Et il y a quelques décennies, le port de certains vêtements, comme le pantalon, était interdit aux femmes. La fin de ces règlements et l'essor du prêt-à-porter ont démocratisé la mode.
Des créateurs en ont fait un support pour accompagner les aspirations à l'émancipation d'une partie de la société, de la fin du corset au smoking d'Yves Saint-Laurent.
La mode est avant tout l'expression d'une identité, de ses inspirations et de ses aspirations. C'est un vecteur de transmission, une manière d'entrer en dialogue de manière non verbale et de sublimer sa personnalité.
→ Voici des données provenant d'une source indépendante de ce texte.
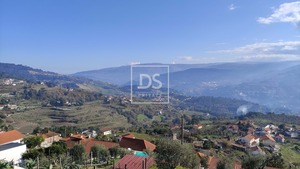 Ruina T0 - Santa Cruz do Douro, Bai�o, Porto - Miniatura: 11/20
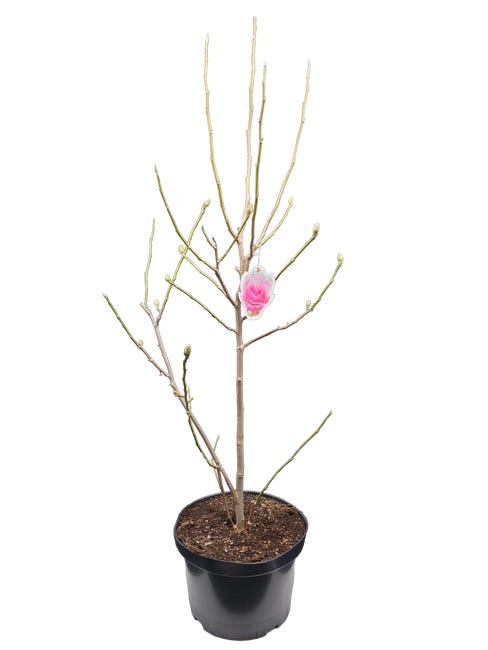 Magnolia mix 150 200 cm 45679515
La mode industrielle se délocalise
La démocratisation du prêt-à-porter a entraîné le développement d'une immense industrie. C'est l’une des premières et des plus importantes grandes révolutions industrielles qu'a connues la France au XIXe et au XXe siècle. En employant des centaines de milliers de personnes dans des entreprises de fabrication de textiles, de confection et de vente, la mode a entièrement façonné des régions, à l'image du Nord-Pas-de-Calais.
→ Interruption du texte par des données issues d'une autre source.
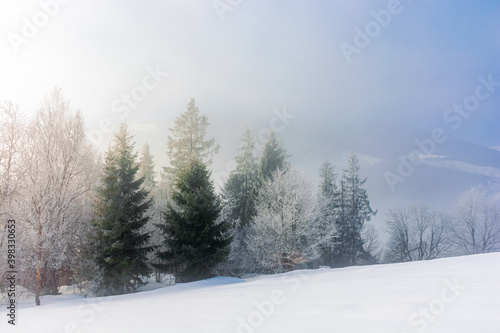 trees in mist on a snow covered hill. fairy tale winter mountain scenery. frosty weather on a sunny morning © Pellinni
Dans les années 1990, l'industrie de la mode fait face à une demande croissante. La fabrication de tissus et de vêtements se poursuit et est sous-traitée dans des pays à bas coût de main-d'œuvre, essentiellement en Asie-du-Sud-Est où sont aussi produites les matières premières comme le coton. Cette évolution de structuration de la filière est mondiale. Nike a été la première marque à mettre en œuvre ce nouveau modèle d'organisation.
La production s'accélère jusqu'au malaise
En 2000 la production de vêtements était estimée à 50 milliards de pièces par an. Elle pourrait atteindre les 140 milliards en 2018. L'industrie de la mode est entrée dans une nouvelle ère, celle de la "fast-fashion", la mode rapide. Il s'agit de produire, vendre, consommer, jeter toujours plus, acheter toujours moins cher, toujours plus vite.
Exit les deux collections par an (printemps-été / automne-hiver). Le réassort est permanent pour amener le client à revenir en boutique le plus souvent possible. Zara produit ainsi 12 000 vêtements différents chaque année. Dans un marché saturé, c'est une course folle pour les enseignes. Comment, dans ces conditions, avoir le temps de se soucier de l'impact environnemental, des droits humains des travailleurs, des clients ?
Un bilan écologique et social désastreux
Pour trouver des solutions, il est important de connaître l'origine du malaise.
Le bilan écologique est sans appel : la mode émet plus de gaz à effet de serre que le transport aérien et maritime, elle est la troisième consommatrice des eaux d'irrigation dans le monde et deux tiers des vêtements testés par Greenpeace en 2012 contenaient des substances toxiques.
Le bilan social n'est pas plus réjouissant : FairWear estime que le salaire d'un travailleur représente0,6 % du prix d'un tee-shirt fabriqué au Bangladesh. S'il n'est pas bon pour la planète, le système de la mode entraîne-t-il le bonheur des consommateurs ? Rien n'est moins sûr : 30 % de ce que nous achetons ne sera jamais porté et 70 % des Françaises déclarent vouloir maigrir.
Du côté des entreprises, ces dix dernières années, le marché français de l'habillement a perdu 17 % de sa valeur ; 50 % des vêtements sont achetés pendant les soldes, qui sont désormais quasi permanents.
Une nouvelle révolution pour la mode
L'industrie de la mode doit s'engager dans une nouvelle mue, une nouvelle révolution. L'économie circulaire consiste à agir dans trois grands domaines : écoconcevoir, vendre moins mais mieux, et recycler.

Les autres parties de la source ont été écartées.